What are Internet cookies

Most Internet cookies are incredibly simple, but they are one of those
things that have taken on a life of their own. Cookies started receiving
tremendous media attention back in 2000 because of Internet privacy
concerns, and the debate still rages.

On the other hand, cookies provide capabilities that make the Web much
easier to navigate. The designers of almost every major site use them
because they provide a better user experience and make it much easier to
gather accurate information about the site's visitors.
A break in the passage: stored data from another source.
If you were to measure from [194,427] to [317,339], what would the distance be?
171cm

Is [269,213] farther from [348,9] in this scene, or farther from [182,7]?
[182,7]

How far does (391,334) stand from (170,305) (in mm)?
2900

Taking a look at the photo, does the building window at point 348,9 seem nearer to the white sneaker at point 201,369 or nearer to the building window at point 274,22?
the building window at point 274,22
In this article, we will take a look at the basic technology behind cookies,
as well as some of the features they enable.
Cookie BasicsIn April of 2000 I read an in-depth article on Internet
privacy in a large, respected
newspaper,
and that article contained a definition of cookies. Paraphrasing, the
definition went like this:

Cookies are programs that Web sites put on your hard disk. They sit on
your computer gathering information about you and everything you do on the
Internet, and whenever the Web site wants to it can download all of the
information the cookie has collected. *[wrong]*

Definitions like that are fairly common in the press. The problem is, none
of that information is correct. Cookies are not
programs,
and they cannot run like programs do. Therefore, they cannot gather any
information on their own. Nor can they collect any personal information
about you from your machine.

Here is a valid definition of a cookie: A cookie is a piece of text that a Web
server can store on a
user's hard disk . Cookies
allow a Web site to store information on a user's machine and later retrieve
it. The pieces of information are stored as *name-value pairs*.

For example, a Web site might generate a unique ID number for each visitor
and store the ID number on each user's machine using a cookie file.
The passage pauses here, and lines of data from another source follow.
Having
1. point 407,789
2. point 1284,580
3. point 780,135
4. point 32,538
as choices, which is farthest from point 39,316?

If you use Microsoft's Internet Explorer to browse the Web, you can see all
of the cookies that are stored on your machine. The most common place for
them to reside is in a directory called *c:\windows\cookies*. When I look in
that directory on my machine, I find 165 files. Each file is a *text
file*that contains name-value pairs, and there is one file for each
Web site that
has placed cookies on my machine.

You can see in the directory that each of these files is a simple, normal
text file. You can see which Web site placed the file on your machine by
looking at the file name (the information is also stored inside the file).
You can open each file by clicking on it.
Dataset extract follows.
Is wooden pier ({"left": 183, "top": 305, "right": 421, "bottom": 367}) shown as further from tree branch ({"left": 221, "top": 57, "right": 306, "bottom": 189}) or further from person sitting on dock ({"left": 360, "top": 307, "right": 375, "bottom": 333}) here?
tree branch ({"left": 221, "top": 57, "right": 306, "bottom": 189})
For example, I have visited *goto.com*, and the site has placed a cookie on
my machine. The cookie file for goto.com contains the following information:

UserID A9A3BECE0563982D www.goto.com/

*Goto.com* has stored on my machine a single name-value pair. The name of
the pair is *UserID*, and the value is *A9A3BECE0563982D*. The first time I
visited goto.com, the site assigned me a unique ID value and stored it on my
machine.

(Note that there probably are several other values stored in the file after
the three shown above. That is housekeeping information for the browser.)

*Amazon.com* stores a bit more information on my machine. When I look at the
cookie file Amazon has created on my machine, it contains the following:

session-id-time 954242000 amazon.com/
session-id 002-4135256-7625846 amazon.com/
x-main eKQIfwnxuF7qtmX52x6VWAXh@Ih6Uo5H amazon.com/
ubid-main 077-9263437-9645324 amazon.com/

It appears that Amazon stores a main user ID, an ID for each session, and
the time the session started on my machine (as well as an x-main value,
which could be anything).

The vast majority of sites store just one piece of information -- a *user ID
* -- on your machine. But a site can store many name-value pairs if it wants
to.

A name-value pair is simply a named piece of data. It is not a program, and
it cannot "do" anything. A Web site can retrieve only the information that
it has placed on your machine. It cannot retrieve information from other
cookie files, nor any other information from your machine.
How Does Cookie Data Move?As you saw in the previous section, cookie data
is simply name-value pairs stored on your hard disk by a Web site. That is
all cookie data is. The Web site stores the data, and later it receives it
back. A Web site can only receive the data it has stored on your machine. It
cannot look at any other cookie, nor anything else on your machine.

The data moves in the following manner:

- If you type the URL of a Web site into your browser, your browser
sends a request to the Web site for the page (see How Web Servers
Work<http://computer.howstuffworks.com/web-server.htm>for a
discussion). For example, if you type the URL
*http://www.amazon.com*into your browser, your browser will contact
Amazon's server and request its home page.

- When the browser does this, it will look on your machine for a
cookie file that Amazon has set. If it finds an Amazon cookie file, your
browser will send all of the name-value pairs in the file to Amazon's server
along with the URL. If it finds no cookie file, it will send no cookie data.

- Amazon's Web server receives the cookie data and the request for a
page. If name-value pairs are received, Amazon can use them.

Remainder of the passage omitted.